» DESCRIPTION OF THE TASK
Exactly as they appear, output all of the records. Skip any images.
==== GIVEN INFORMATION
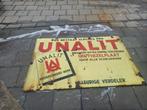037: emaille bord 2: UNALIT, Verzamelen, Merken en Reclamevoorwerpen, Ophalen, Gebruikt, Reclamebord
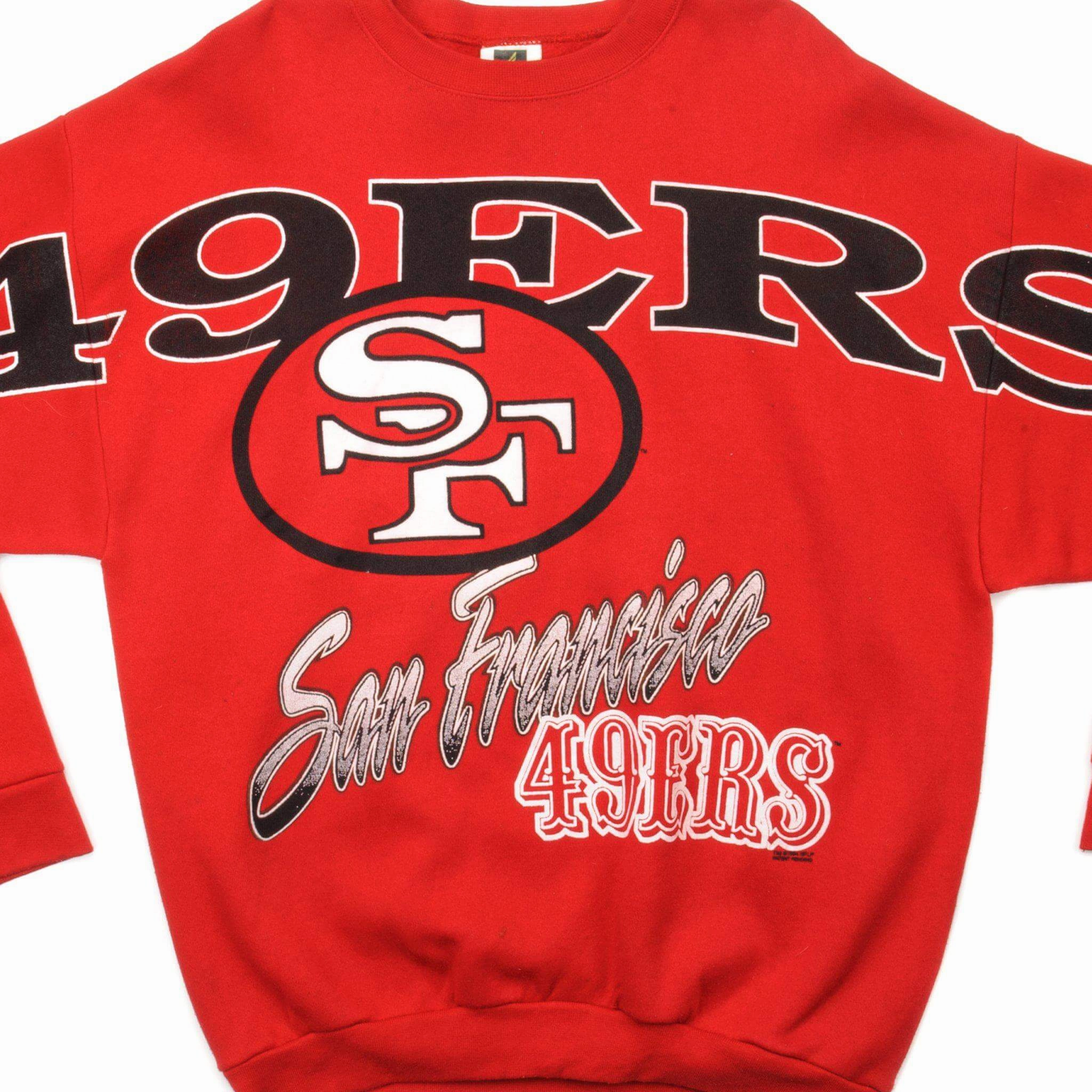 VINTAGE NFL SAN FRANCISCO 49ERS SWEATSHIRT 1994 SIZE L/XL MADE IN USA Retro Print product yoga friendly flexibility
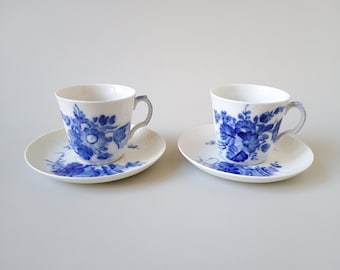Royal Copenhagen Blue Flower 10/1546 - Set of 2 Coffee Cups and Saucers - Hand Painted 1st Quality - Design by Arnold Krog - Denmark 1960s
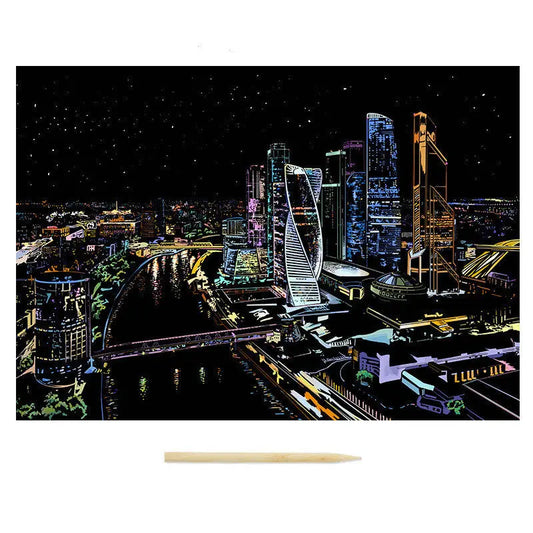 City skyline at night with illuminated buildings and a river.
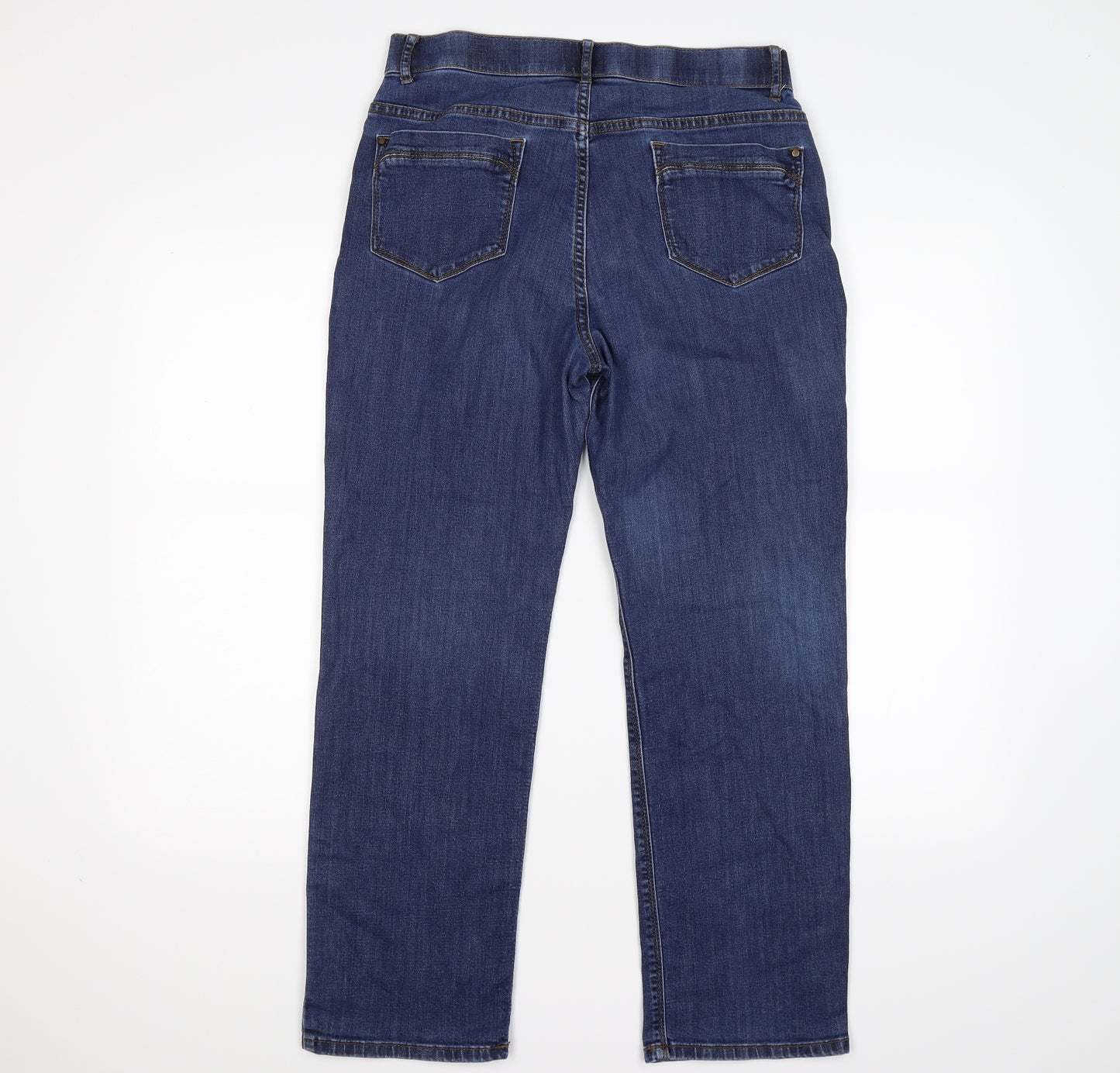Marks and Spencer Womens Blue  Denim Straight Jeans Size 12 L26 in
========
» ANSWER TO THIS EXERCISE
037: emaille bord 2: UNALIT, Verzamelen, Merken en Reclamevoorwerpen, Ophalen, Gebruikt, Reclamebord
 VINTAGE NFL SAN FRANCISCO 49ERS SWEATSHIRT 1994 SIZE L/XL MADE IN USA Retro Print product yoga friendly flexibility
Royal Copenhagen Blue Flower 10/1546 - Set of 2 Coffee Cups and Saucers - Hand Painted 1st Quality - Design by Arnold Krog - Denmark 1960s
 City skyline at night with illuminated buildings and a river.
Marks and Spencer Womens Blue  Denim Straight Jeans Size 12 L26 in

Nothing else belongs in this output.